Start of Information

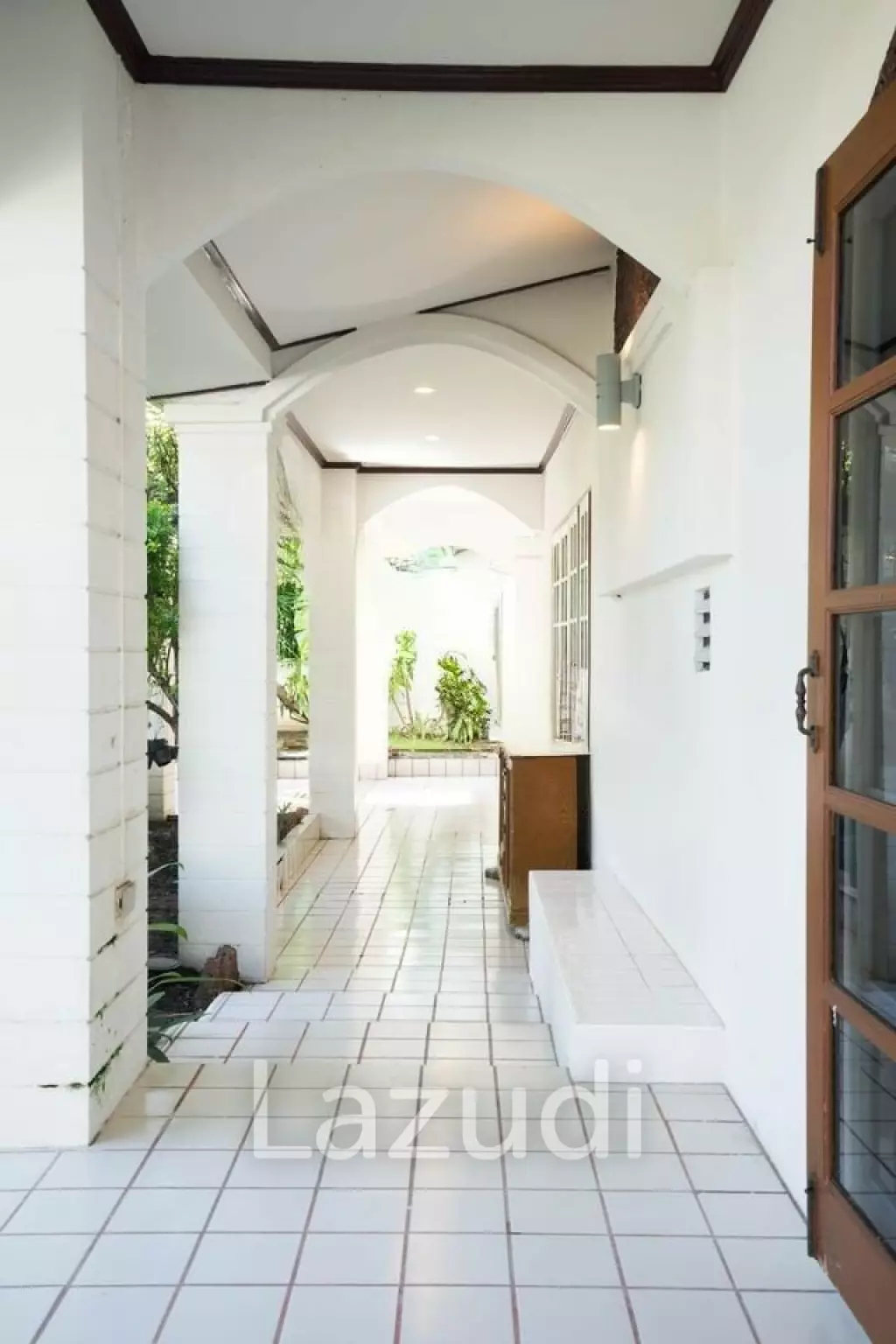 3 Bed 3 Bath Detached House   452 Sqm For Sale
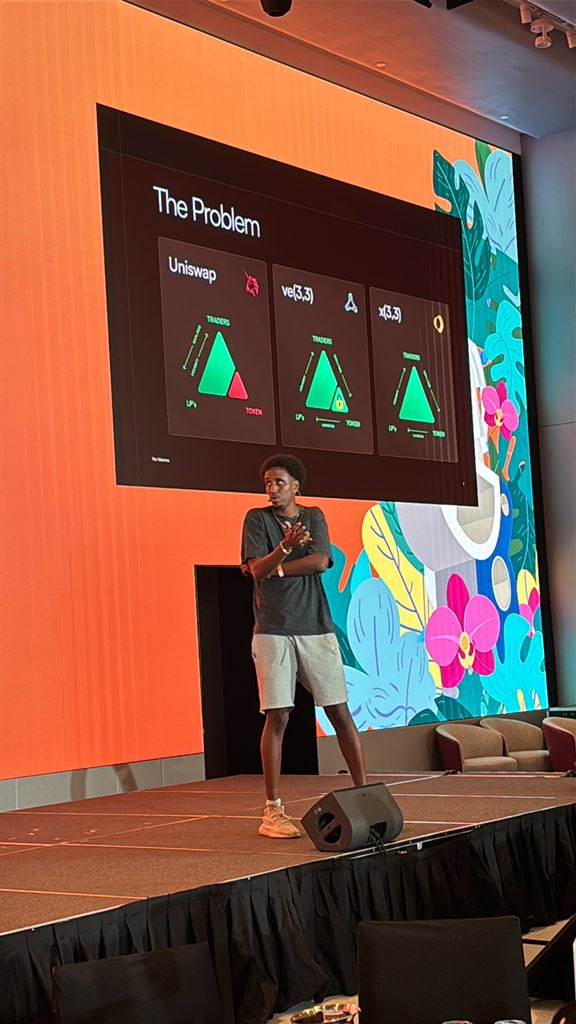 Shadow on Sonic の創設者がステージでDEXトリレンマを発表、Uniswap、Vega 3.3、x3.3モデルを比較するスライドを表示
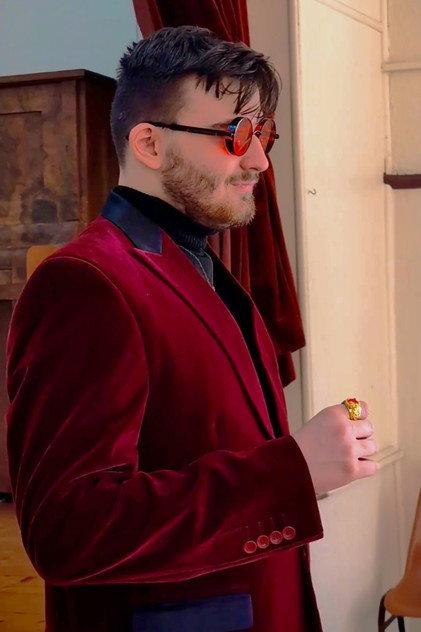 Aidan MacKay - Actor Profile Photo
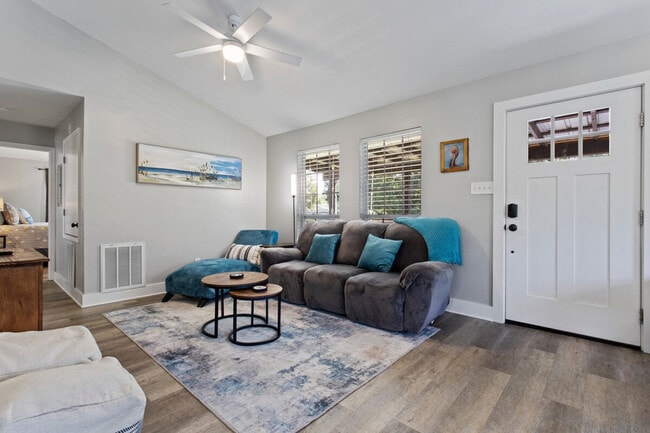 Foto del edificio - 6733 Mary St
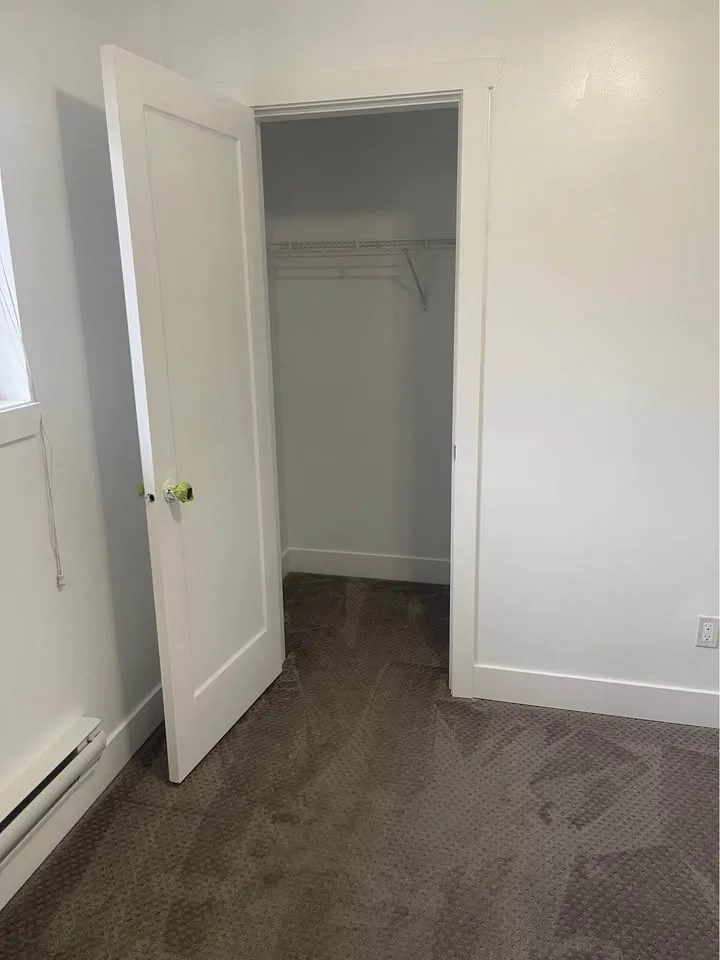 1 Bed 1 Bath - House image indicator(5)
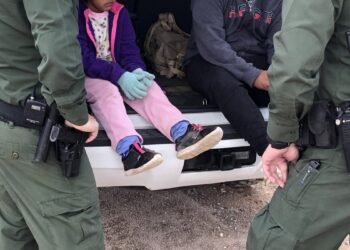 Indignación en EE. UU.: Niña migrante de 3 años fue víctima de abuso sexual bajo custodia federal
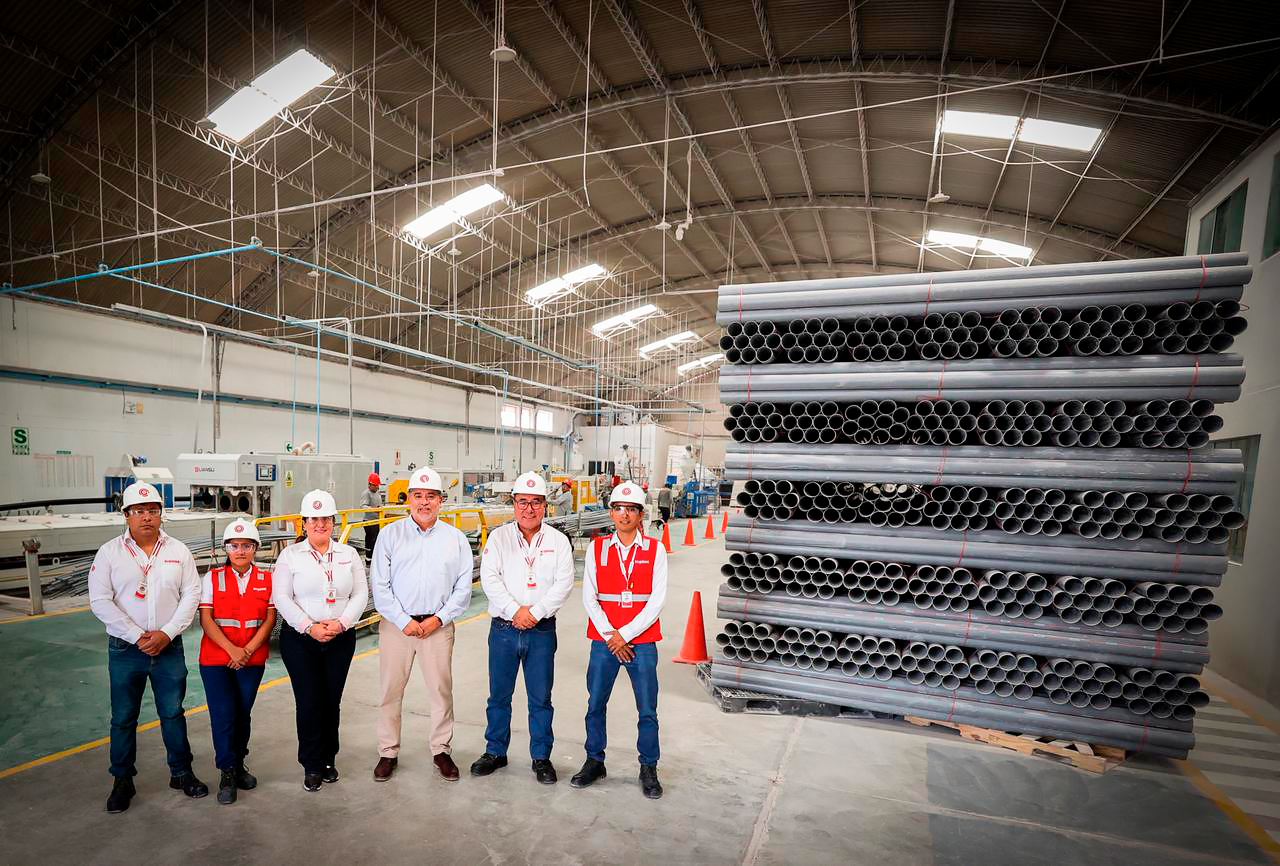 Visita de Viceministro de MYPE e industria a planta CIX.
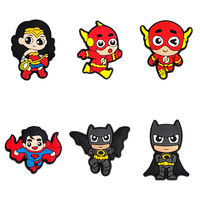 Breloques de chaussures personnages Marvel, décorations pour sabots DC Justice Alliance, accessoires de chaussures DIY, boucles en caoutchouc PVC pour sabots, vente en gros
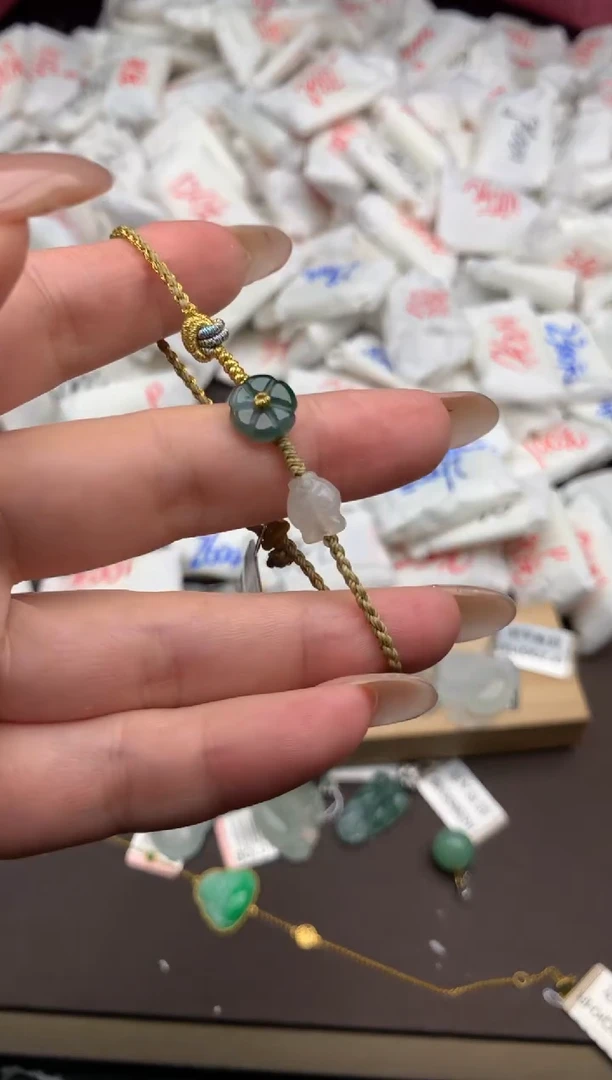 【闪购商品】翡翠手绳未镶嵌一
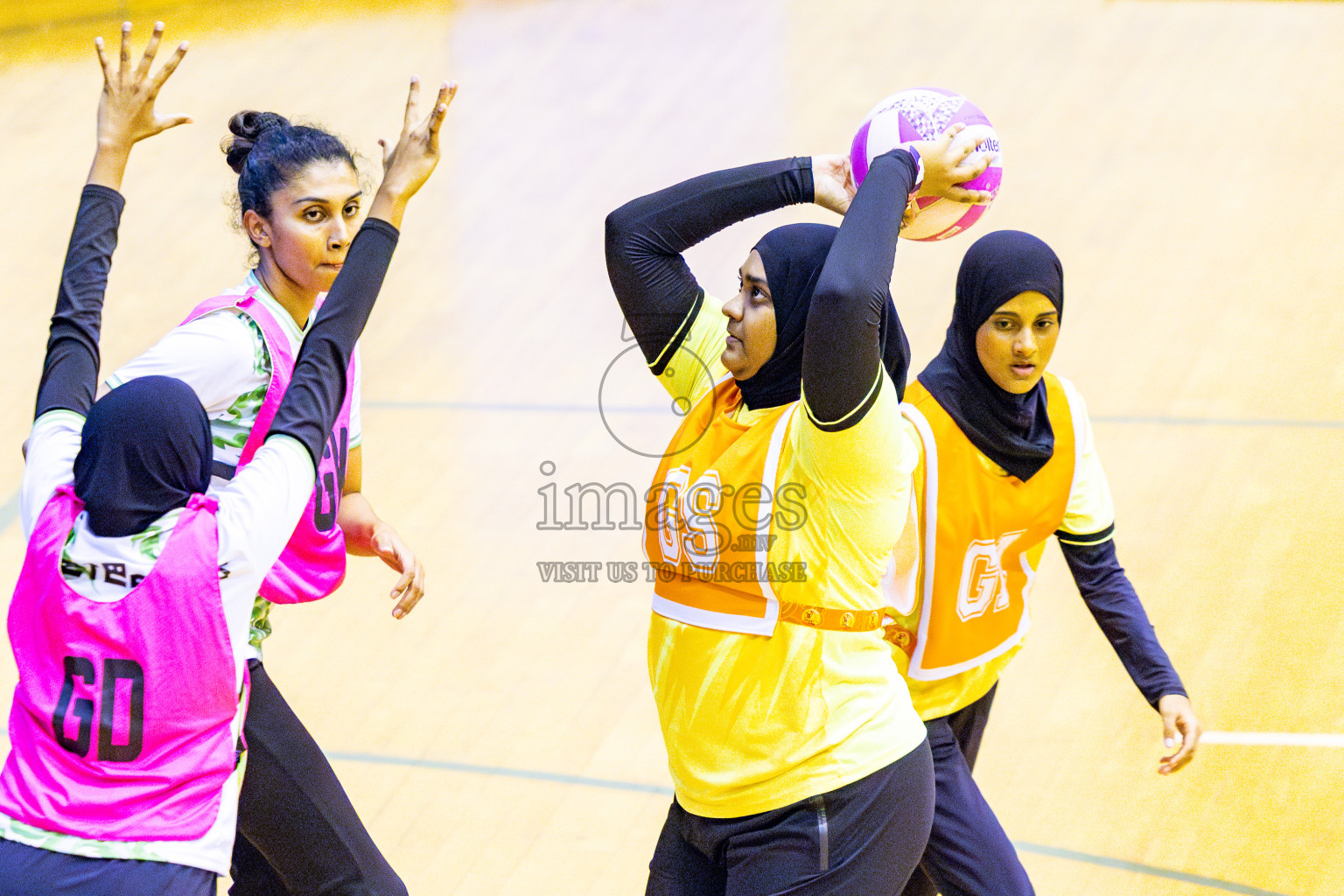 KYRC vs Sports Club Shining Star in Day 10 of National Netball Tournament 2025 held in Social Center at Male', Maldives on Tuesday, 27th May 2025. Photos: Nausham Waheed / images.mv
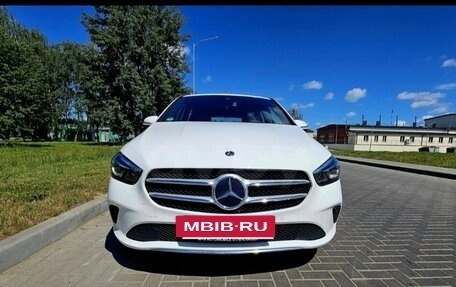 Mercedes-Benz B-Класс, 2019 год, 2 100 000 рублей, 10 фотография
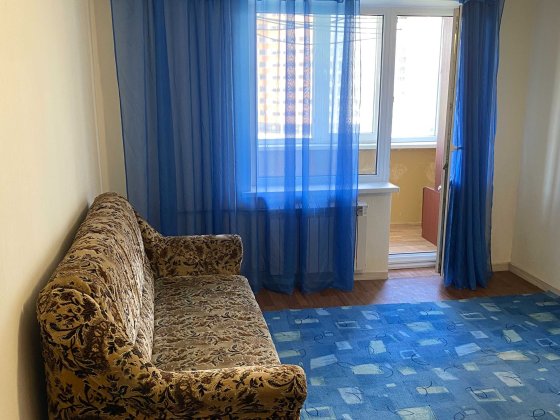 Однокімнатна квартира 37 м.кв., 5 поверх вул. Райдужна 2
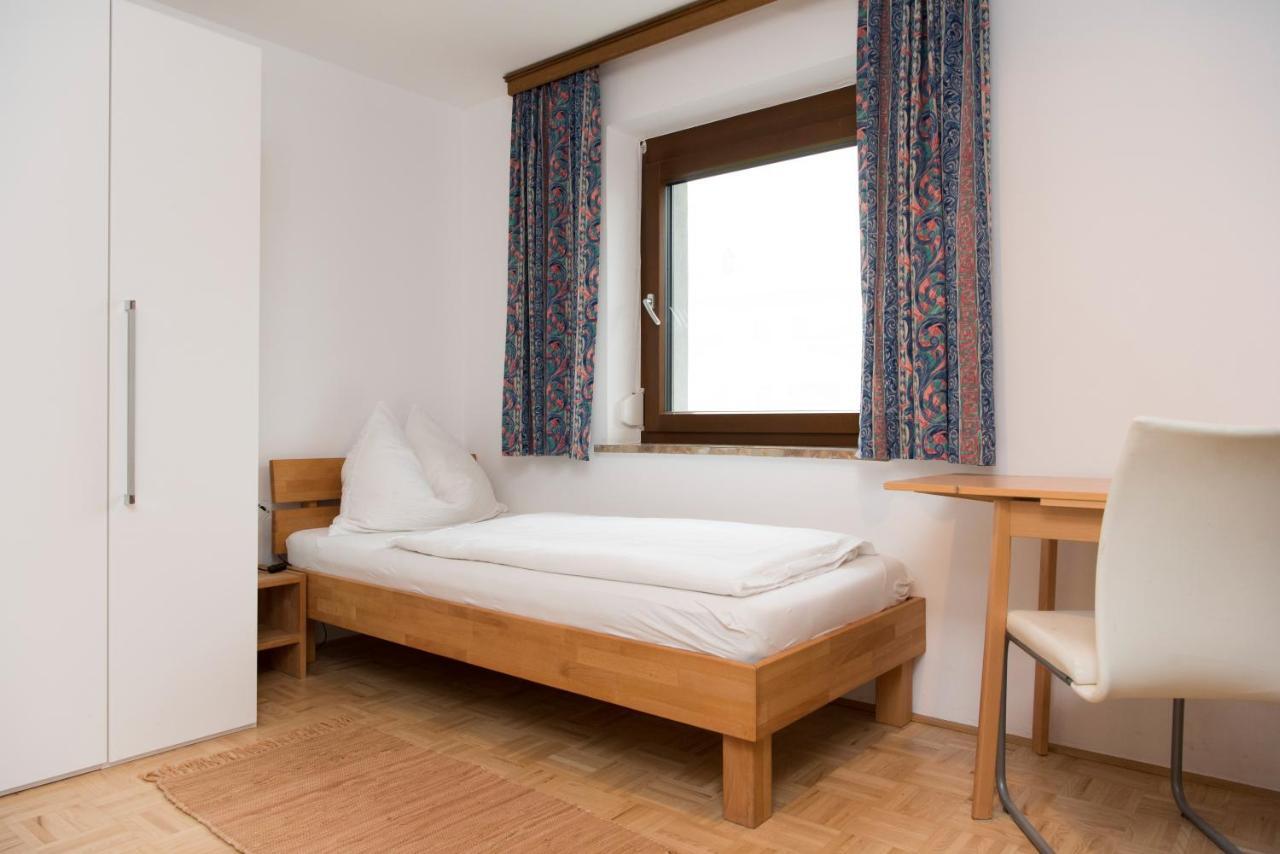 Gaestehaus Wuehrer Franking Buitenkant foto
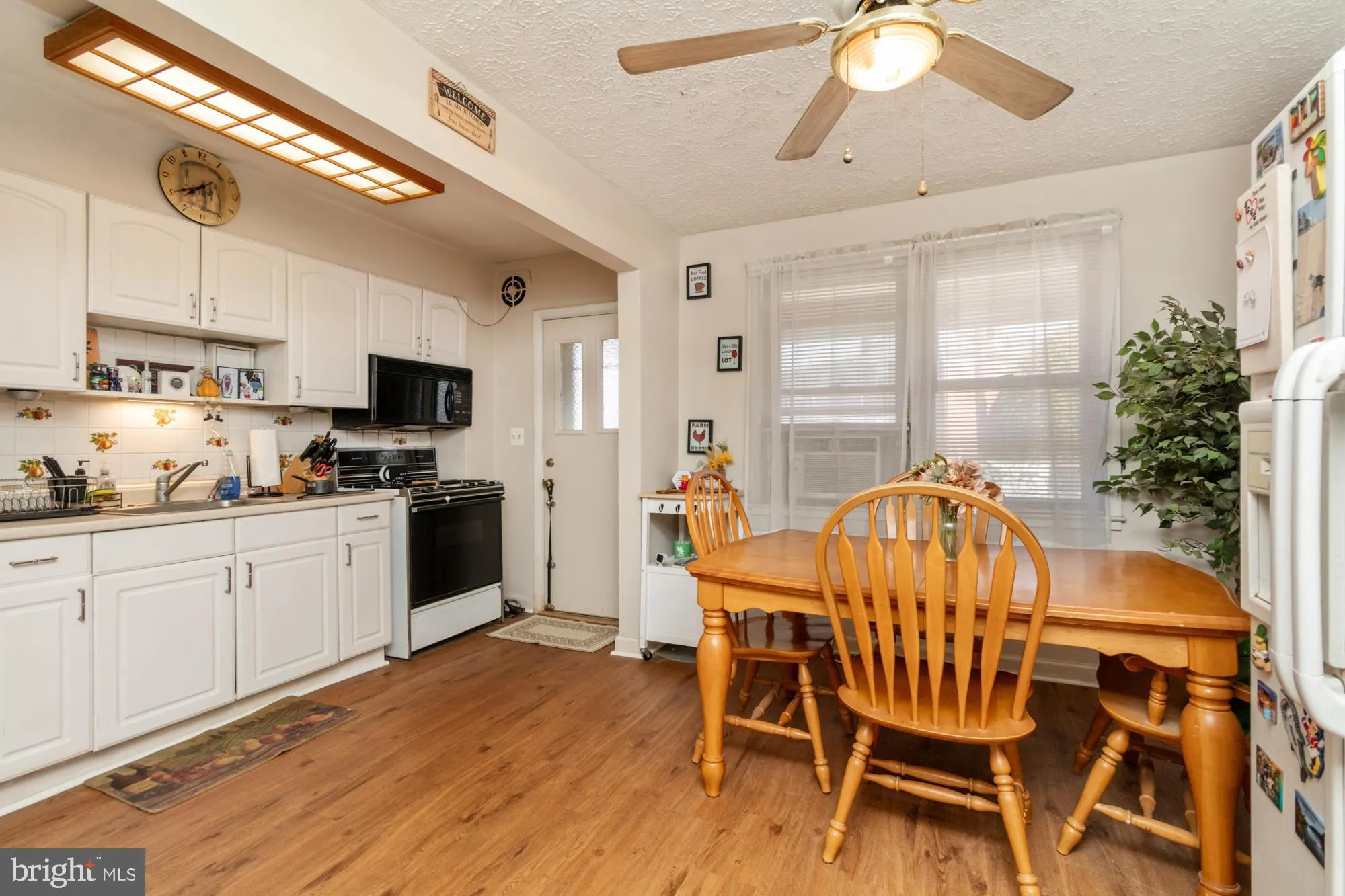 Baltimore, Maryland 21222, United States, 3 Bedrooms Bedrooms, ,2 BathroomsBathrooms,Residential,Pending,92375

End of Information

Transcribe, exactly and without pictures, everything in the data from the line with "Visita de Viceministro" down to the line with "Mercedes-Benz B-Класс, 2019", both included.

| Expected answer |
 Visita de Viceministro de MYPE e industria a planta CIX.
 Breloques de chaussures personnages Marvel, décorations pour sabots DC Justice Alliance, accessoires de chaussures DIY, boucles en caoutchouc PVC pour sabots, vente en gros
 【闪购商品】翡翠手绳未镶嵌一
 KYRC vs Sports Club Shining Star in Day 10 of National Netball Tournament 2025 held in Social Center at Male', Maldives on Tuesday, 27th May 2025. Photos: Nausham Waheed / images.mv
 Mercedes-Benz B-Класс, 2019 год, 2 100 000 рублей, 10 фотография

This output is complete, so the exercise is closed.